A Cor Púrpura (154’), EUA (1985), é o primeiro drama dirigido pelo aclamado cineasta Steven Spielberg. Baseado no romance homônimo da escritora estadunidense Alice Walker, que ganhou o Prêmio Pulitzer em 1983 por essa obra, A Cor Púrpura é um clássico moderno que arrebatou plateias mundo afora quando de seu lançamento, em 1985. O filme foi indicado a onze categorias do Oscar naquele ano, incluindo Melhor Filme. Apesar de não ter levado nenhuma estatueta, o filme consagrou e revelou para o grande público o talento da atriz Whoopi Goldberg, que viria a ganhar o Globo de Ouro de Melhor Atriz na categoria Drama por seu papel em A Cor Púrpura.

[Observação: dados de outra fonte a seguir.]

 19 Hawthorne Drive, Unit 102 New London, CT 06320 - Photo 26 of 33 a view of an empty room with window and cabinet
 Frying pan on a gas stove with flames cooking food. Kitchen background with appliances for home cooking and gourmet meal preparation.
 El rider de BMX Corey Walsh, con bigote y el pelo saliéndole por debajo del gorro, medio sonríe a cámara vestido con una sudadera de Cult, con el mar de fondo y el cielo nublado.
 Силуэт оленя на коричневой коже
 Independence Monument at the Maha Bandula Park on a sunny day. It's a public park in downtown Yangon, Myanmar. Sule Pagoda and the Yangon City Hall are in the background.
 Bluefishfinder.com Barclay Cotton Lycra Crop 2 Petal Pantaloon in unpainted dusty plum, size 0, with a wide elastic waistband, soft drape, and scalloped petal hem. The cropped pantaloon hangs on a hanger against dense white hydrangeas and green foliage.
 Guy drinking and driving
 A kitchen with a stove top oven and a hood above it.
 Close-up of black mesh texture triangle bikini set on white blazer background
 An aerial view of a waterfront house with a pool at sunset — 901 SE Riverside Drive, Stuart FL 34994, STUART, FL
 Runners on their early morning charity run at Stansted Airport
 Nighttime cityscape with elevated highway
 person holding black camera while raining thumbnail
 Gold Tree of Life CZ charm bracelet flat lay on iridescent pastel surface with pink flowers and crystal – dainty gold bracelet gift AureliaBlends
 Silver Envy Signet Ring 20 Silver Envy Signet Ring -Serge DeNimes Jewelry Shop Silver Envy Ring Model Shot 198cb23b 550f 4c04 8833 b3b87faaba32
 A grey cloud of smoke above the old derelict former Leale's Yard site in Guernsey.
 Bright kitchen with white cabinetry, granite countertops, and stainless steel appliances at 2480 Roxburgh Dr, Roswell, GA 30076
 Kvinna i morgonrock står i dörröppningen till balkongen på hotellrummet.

O filme conta a saga de Celie, vivenciada pela atriz Desreta Jackson, na fase adolescente, e por Whoopi Goldberg, na fase adulta. A história se passa no estado da Geórgia, no sul dos Estados Unidos, e começa em 1909, quando Celie é violentada por seu pai, Harris (Leonard Jackson), e acaba engravidando. Celie dá à luz um casal de gêmeos, mas, logo após o complicado parto, é separada de seus filhos, que são entregues por seu pai para um casal de missionários. Logo em seguida, Celie é separada também de sua irmã, Nettie (Akosua Busia), a pessoa a quem mais ama no mundo. Harris entrega Celie para Albert Johnson (Danny Glover), um viúvo com muitos filhos. Homem violento e machista, Albert passa a abusar de Celie, psicológica e sexualmente, além de agredi-la fisicamente e destruir sua já combalida autoestima. Algum tempo depois, Nettie foge do pai abusivo e vem se esconder na fazenda onde Celie mora com o marido. No período em que fica na fazenda, Nettie ensina Celie a ler e a escrever. No entanto, a alegria das irmãs dura pouco. Albert começa a assediar Nettie, mas tendo suas tentativas frustradas, expulsa-a da fazenda, numa das cenas mais fortes e emocionantes do filme. Antes de ir embora, Nettie pede que Celie escreva sempre para ela.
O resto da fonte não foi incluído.